Zobacz pełną wersję : czarne wykwity na więźbie
bobiczek
14-08-2002, 14:28
One mi się zrobiły jak drzewo poleżało parę dni po transporcie z tartaku.
Walnąłem je bez przekładki na tydzień i to wystarczyło.
Trochę się boję czy nie zagrzybieje w tych miejscach(a może to jest już grzyb?).
Wygląda to czarne nie ciekawie.
Jak to usunąć i czy bardzo się tym martwić.
Usuwać na dole czy może po złożeniu więźby na dachu.
Miał ktoś takie same przykre doświadczenie?
Drzewo było impregnowane przed dostawą i dość mokre po kąpieli.
plonskij
14-08-2002, 14:36
To są chyba poprostu pleśnie a może szczerniało od wody - samo drewno - chociaż to za krótki okres.
Zeskrob nożem - na impregnowanym drewnie [a takie jest] nie będzie się rozwijać.
Może być też sinizna drewna[rodzaj grzyba] ale jest on niegroźny - nie osłabia drewna mechanicznie wygląda tylko paskudnie.

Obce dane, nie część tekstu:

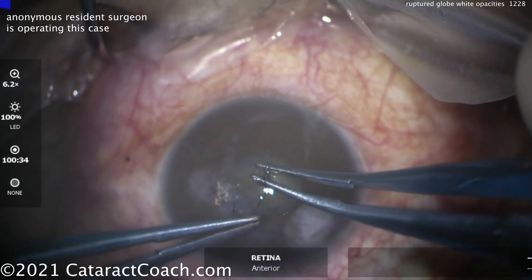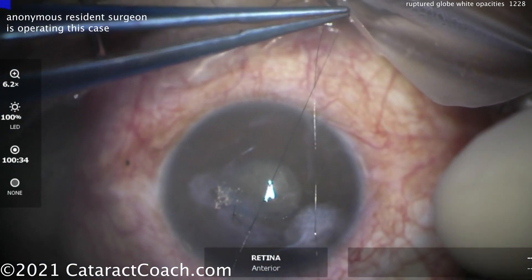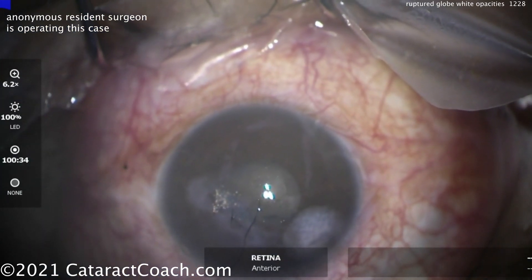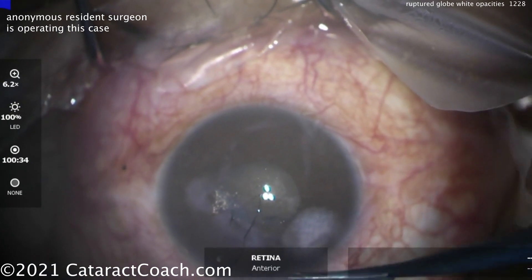Once you've got it sutured up and think it's watertight, you can do a Seidel test. This patient is going to have, in the same surgery sitting, a pars plana vitrectomy and retrieval of the intraocular foreign body.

Mnie się tak samo zrobiło na drewnie które zimowało na placu budowy. Co prawda na przekładkach. To czarne pojawiło się na tych kawałkach więżby które były blisko żywopłotu z tuj. Kierownik budowy to oglądał, nie pamietam co to jest ale pamiętam że powiedział że nie ma sie czym martwic jesli chodzi o wytrzymałość drewna. Po zrobieniu więźby mój mąż ją opryskał. Mam nadzieję, ze będzie dobrze.
Tydzien wystarczy aby pojawiły się plamki o których piszesz. Kiedyś załatwiłem sobie sporo drzewa przywiozłem suche z tartaku i lało jak z cebra przez kilka przykryłem folią i po kilku dniach pojawiły sie plamki- szybko przekładaj drewno. I tylko zadaszenie z góry. Nie jest to groźne mozna to wszystko szybko zestrugać ale często wnika to dośc głęboko i pozostaje sina plama
Drewno musi miec przewiew
Powered by vBulletin™ Version 4.2.5 Copyright © 2024 vBulletin Solutions, Inc. All rights reserved.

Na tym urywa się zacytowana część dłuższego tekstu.